Per quanto riguarda l’azione di terra, comunque, qual è il vero obiettivo di Israele?

Gli israeliani vogliono evitare che nel Nord della Striscia si ripeta quello che si era realizzato da parte dei terroristi e quanto è successo nel corso dell’attacco: stanno dividendo in settori quella parte della Striscia di Gaza e lì stanno cercando di eliminare Hamas, costi quel che costi e duri quel che duri.

Questo intervento nella parte settentrionale, però, spinge la popolazione a spostarsi verso Sud. Israele alla fine pensa di espellere i palestinesi dalla Striscia?

A mio parere non c’è intenzione di svuotare Gaza e neanche di prenderne il controllo, ma solo di eliminare quanto più possibile i terroristi di Hamas e distruggere in maniera definitiva i tunnel e il loro sistema offensivo, comprese le armi e le strutture che sono state utilizzate come rampe di lancio per i razzi contro Israele. Si vuole mettere la parola fine ad Hamas, se non per sempre, per un lungo periodo di tempo, ma anche liberare il maggior numero di ostaggi. Israele non pensa di occupare Gaza definitivamente perché se così fosse dovrebbe, poi, preoccuparsi di gestirla, con enorme dispendio di forze.

Dopo che si sarà raggiunto quest’obiettivo, al Nord le operazioni, proprio per evitare che Hamas continui ad agire, dovranno rivolgersi gioco forza anche al Sud?

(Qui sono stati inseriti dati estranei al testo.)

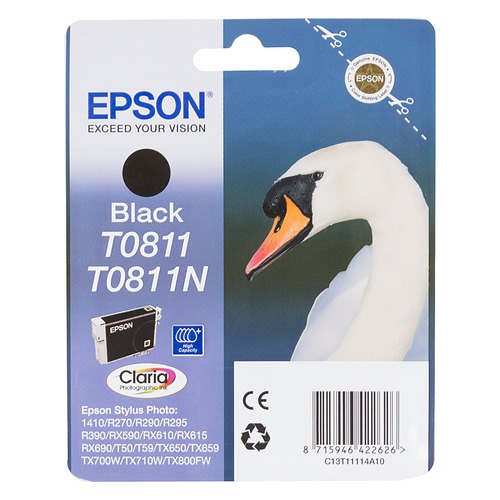 Картридж EPSON T0811, черный [c13t11114a10]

Per il momento l’obiettivo è il Nord della Striscia, perché da lì partono più attacchi: è dove Hamas si è organizzata meglio. Se dovessero farlo anche a Sud, gli israeliani impedirebbero il rifornimento di armamenti ai terroristi con un blocco navale, con il controllo del territorio. Ora però i tunnel sembrerebbero maggiormente concentrati nella parte settentrionale, nella zona abitata: è lì il cuore del problema. Si vogliono rendere inutilizzabili, ora e possibilmente per sempre, tutte le strutture offensive di Hamas.

A Sud, quindi, Hamas non può vantare la stessa presenza?

La Striscia di Gaza non è vasta, ma da quello che s’intuisce dall’intervento di Israele gli uomini di Hamas e i loro alleati non hanno una struttura omogenea a Nord e a Sud. Hanno i tunnel, depositi di razzi, e personale anche a Sud di Gaza, ma non la stessa ramificazione e concentrazione.

Intanto è stata colpita la base Onu, dove ci sono anche i soldati italiani. Fonti libanesi dicono che sarebbe stato un colpo di artiglieria israeliana. Qual è il compito dei nostri militari e cosa rischiano?

Bisogna vedere se è veramente colpa di Israele: non ne siamo sicuri. Di balle propagandistiche se ne sentono e leggono in continuazione. Israele non ha interesse ad andare contro le forze Onu e la perizia del suo esercito fa escludere immediatamente che si tratti di “fuoco israeliano”. I soldati delle Nazioni Unite sono una forza d’interposizione, non hanno armamenti e mezzi, per fare un esempio, del tipo di quelli di cui erano dotati i nostri soldati in Afghanistan: il loro compito è evitare che i due eserciti si scontrino e controllare la zona d’interposizione. Adesso occorrerà vedere come vorranno comportarsi i terroristi di Hezbollah, sono la fonte di preoccupazione, insieme al loro sponsor: l’Iran.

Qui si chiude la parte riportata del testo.